> [DATA TO EXAMINE]:
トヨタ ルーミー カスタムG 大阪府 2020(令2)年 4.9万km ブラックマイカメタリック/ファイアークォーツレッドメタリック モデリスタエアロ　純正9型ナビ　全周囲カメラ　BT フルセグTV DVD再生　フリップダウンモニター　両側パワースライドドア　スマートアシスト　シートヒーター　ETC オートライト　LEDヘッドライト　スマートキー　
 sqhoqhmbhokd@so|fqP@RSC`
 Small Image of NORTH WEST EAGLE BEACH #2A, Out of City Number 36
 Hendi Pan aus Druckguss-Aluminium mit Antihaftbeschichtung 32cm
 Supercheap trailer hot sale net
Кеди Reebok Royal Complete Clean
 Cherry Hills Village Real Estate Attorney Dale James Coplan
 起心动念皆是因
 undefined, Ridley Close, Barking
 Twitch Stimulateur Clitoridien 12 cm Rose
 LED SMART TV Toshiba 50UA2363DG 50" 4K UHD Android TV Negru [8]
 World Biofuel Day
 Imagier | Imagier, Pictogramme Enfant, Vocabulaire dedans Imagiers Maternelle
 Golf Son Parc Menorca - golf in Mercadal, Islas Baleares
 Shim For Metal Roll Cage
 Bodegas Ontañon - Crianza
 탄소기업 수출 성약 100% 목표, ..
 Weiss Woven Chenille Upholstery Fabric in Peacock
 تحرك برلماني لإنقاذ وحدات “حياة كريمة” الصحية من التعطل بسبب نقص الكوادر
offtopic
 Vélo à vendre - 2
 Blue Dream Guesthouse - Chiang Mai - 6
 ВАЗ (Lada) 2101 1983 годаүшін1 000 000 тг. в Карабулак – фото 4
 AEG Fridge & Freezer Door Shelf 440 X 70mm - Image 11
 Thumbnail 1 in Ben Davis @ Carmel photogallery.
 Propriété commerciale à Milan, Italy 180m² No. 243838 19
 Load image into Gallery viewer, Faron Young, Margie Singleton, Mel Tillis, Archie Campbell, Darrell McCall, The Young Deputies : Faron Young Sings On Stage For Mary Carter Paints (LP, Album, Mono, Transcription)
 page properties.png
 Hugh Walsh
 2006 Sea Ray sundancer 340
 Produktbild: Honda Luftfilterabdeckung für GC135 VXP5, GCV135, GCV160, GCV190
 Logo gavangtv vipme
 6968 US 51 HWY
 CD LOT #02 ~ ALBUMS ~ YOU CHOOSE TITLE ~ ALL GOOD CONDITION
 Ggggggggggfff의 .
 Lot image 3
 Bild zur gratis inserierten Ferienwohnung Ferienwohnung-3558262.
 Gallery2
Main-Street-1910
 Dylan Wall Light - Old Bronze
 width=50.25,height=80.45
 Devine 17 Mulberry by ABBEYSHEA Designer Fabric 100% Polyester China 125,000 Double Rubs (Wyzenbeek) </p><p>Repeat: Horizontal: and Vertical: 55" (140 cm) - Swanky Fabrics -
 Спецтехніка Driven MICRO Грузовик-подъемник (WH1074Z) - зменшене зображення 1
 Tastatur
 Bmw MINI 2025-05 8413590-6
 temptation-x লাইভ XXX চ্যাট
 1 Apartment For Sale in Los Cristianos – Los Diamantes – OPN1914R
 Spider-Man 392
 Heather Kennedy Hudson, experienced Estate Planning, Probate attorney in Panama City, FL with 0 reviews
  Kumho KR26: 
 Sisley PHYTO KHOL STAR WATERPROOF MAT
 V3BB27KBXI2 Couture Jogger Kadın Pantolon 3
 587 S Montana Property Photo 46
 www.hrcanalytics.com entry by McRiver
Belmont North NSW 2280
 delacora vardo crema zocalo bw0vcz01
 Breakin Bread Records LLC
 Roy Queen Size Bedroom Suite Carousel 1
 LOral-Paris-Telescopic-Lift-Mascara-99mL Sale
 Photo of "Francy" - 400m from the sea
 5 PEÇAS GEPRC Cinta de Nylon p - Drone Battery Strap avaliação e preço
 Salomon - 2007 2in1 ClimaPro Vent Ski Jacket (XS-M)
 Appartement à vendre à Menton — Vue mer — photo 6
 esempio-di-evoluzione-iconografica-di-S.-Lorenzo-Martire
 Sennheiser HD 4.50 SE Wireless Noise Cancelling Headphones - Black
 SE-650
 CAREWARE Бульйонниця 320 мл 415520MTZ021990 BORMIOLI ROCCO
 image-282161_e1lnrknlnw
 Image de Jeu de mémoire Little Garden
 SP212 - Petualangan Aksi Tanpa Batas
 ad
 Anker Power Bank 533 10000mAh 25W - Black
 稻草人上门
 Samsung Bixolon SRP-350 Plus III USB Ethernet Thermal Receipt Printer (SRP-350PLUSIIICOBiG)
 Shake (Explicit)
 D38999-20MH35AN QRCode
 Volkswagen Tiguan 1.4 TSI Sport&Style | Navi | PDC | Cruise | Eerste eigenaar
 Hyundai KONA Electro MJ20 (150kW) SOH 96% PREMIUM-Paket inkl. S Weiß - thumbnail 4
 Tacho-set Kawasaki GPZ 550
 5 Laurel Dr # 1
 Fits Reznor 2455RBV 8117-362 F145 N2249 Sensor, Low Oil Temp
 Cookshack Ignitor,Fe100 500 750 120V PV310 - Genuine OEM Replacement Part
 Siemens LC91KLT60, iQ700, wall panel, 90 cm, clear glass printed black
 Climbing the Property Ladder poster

> [EXERCISE BRIEF]:
Scan the entries above, and wherever a line holds the string "vendre", copy it.

> [RESULT OF THIS EXERCISE]:
 Vélo à vendre - 2
 Appartement à vendre à Menton — Vue mer — photo 6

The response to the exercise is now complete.